Growth in the hospital channel may have been led by Co-Lab solutions, which leverage the company’s lab and process management expertise to optimize quality and drive cost efficiencies. Early in 2026, DGX began scaling its Co-Lab solutions across all 21 hospitals of Corewell Health, its largest implementation to date. This is expected to have positively impacted revenues as well.
Quest Diagnostics may have generated robust growth from its consumer-initiated test platform, questhealth.com, which now offers more than 150 tests, including the new 85-biomarker Elite Health profile. Partnerships forged with WHOOP, Oura, Function Health and several other types of wellness companies are also expected to have positively impacted performance.
Going by our model, the company’s DIS revenues are likely to increase 5.8% year over year in the first quarter of 2026.
Synergies from the Invigorate initiative may have favored Quest Diagnostics’ operational metrics, with ongoing investments in automation and AI to improve productivity as well as service levels and quality. Efforts such as deploying automated sample processing across the network and collaborative accessioning at multiple sites, implementation of the Hologic Genius Digital Diagnostic System and a new virtual agent outside the lab may have aided.
Our model expects the company’s operating income (non-GAAP basis) to edge up 0.2% year over year in the first quarter of 2026.
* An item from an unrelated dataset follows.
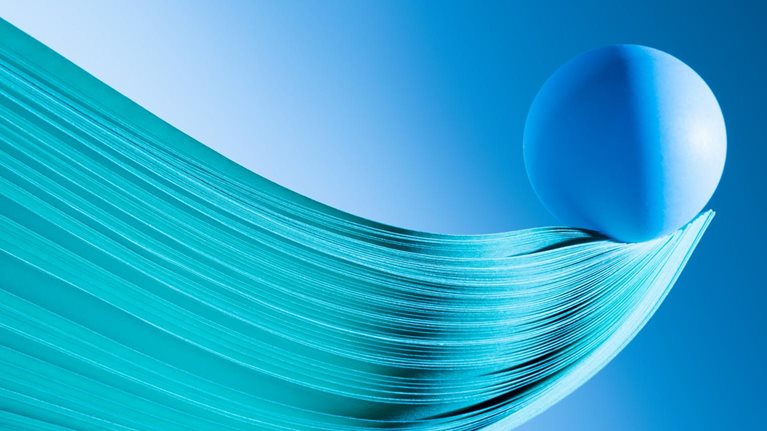 Close up of multiple sheets of green tinted paper in curve shape, blue ball balance at tip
What Our Model Unveils for DGX
Per our proven model, a stock with a Zacks Rank #1 (Strong Buy), 2 (Buy) or 3 (Hold), along with a positive Earnings ESP, has a higher chance of beating estimates, which is not the case here, as you can see below.
Earnings ESP: Quest Diagnostics has an Earnings ESP of -12.93%. You can uncover the best stocks to buy or sell before they’re reported with our Earnings ESP Filter.
Zacks Rank:The company currently carries a Zacks Rank #3.
Top MedTech Picks
Here are some other medical stocks worth considering, as these have the right combination of elements to post an earnings beat this time:
Agenus (AGEN - Free Report) has an Earnings ESP of +7.69% and a Zacks Rank #1. The company is expected to release first-quarter 2026 results soon.
In the trailing four quarters, AGEN delivered an average surprise of 31.42%. The Zacks Consensus Estimate predicts the company’s first-quarter EPS will increase 289.3% from the year-ago quarter’s figure.
The Ensign Group (ENSG - Free Report) has an Earnings ESP of +2.38% and a Zacks Rank #1. The company is expected to release first-quarter 2026 results soon.
ENSG’s earnings surpassed estimates in each of the trailing four quarters, the average surprise being 2.93%. The Zacks Consensus Estimate for the company’s first-quarter EPS calls for an increase of 17.8% from the year-ago quarter’s figure.
West Pharmaceutical Services (WST - Free Report) has an Earnings ESP of +0.17% and a Zacks Rank #2. The company is slated to release first-quarter 2026 results on April 23.
WST’s earnings beat estimates in each of the trailing four quarters, the average surprise being 17.39%. The Zacks Consensus Estimate suggests that WST’s first-quarter EPS will rise 15.9% from the year-ago reported figure.